* [Dataset excerpt]:
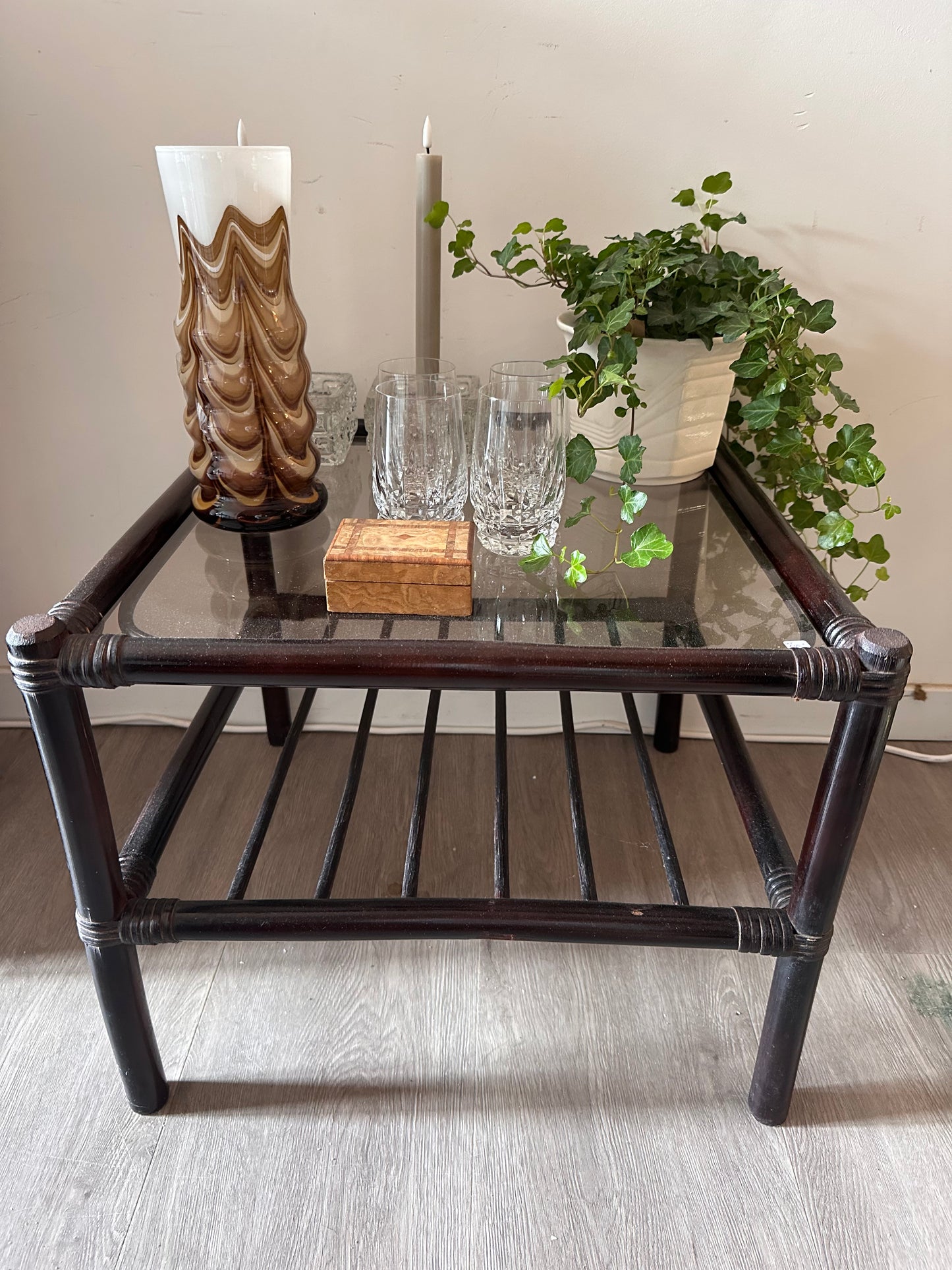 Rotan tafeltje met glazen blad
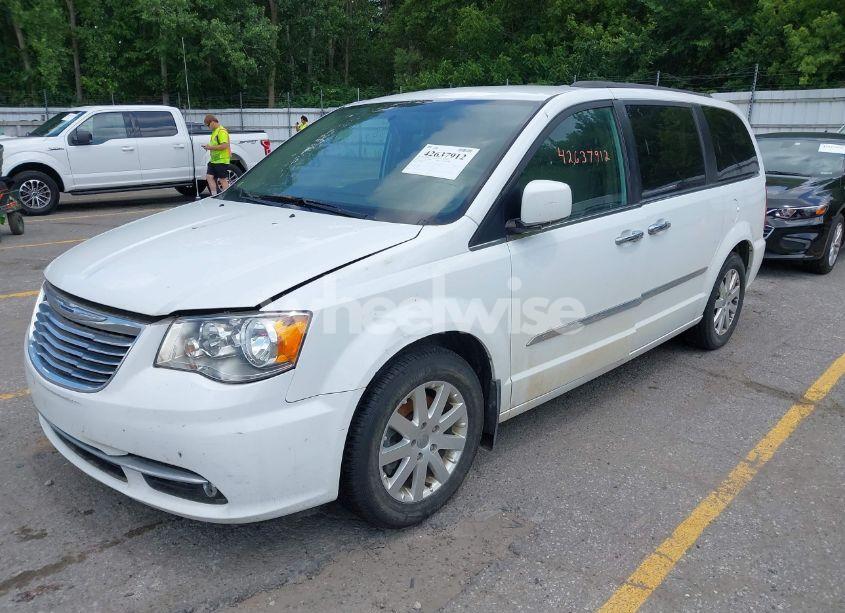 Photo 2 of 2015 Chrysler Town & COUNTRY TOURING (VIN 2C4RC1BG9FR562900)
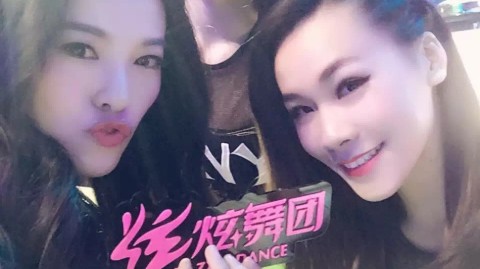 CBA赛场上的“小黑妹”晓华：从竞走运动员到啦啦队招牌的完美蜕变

* [What the task asks]: Print the listing word for word but skip its pictures.

* [Answer for the task]:
 Rotan tafeltje met glazen blad
 Photo 2 of 2015 Chrysler Town & COUNTRY TOURING (VIN 2C4RC1BG9FR562900)
 CBA赛场上的“小黑妹”晓华：从竞走运动员到啦啦队招牌的完美蜕变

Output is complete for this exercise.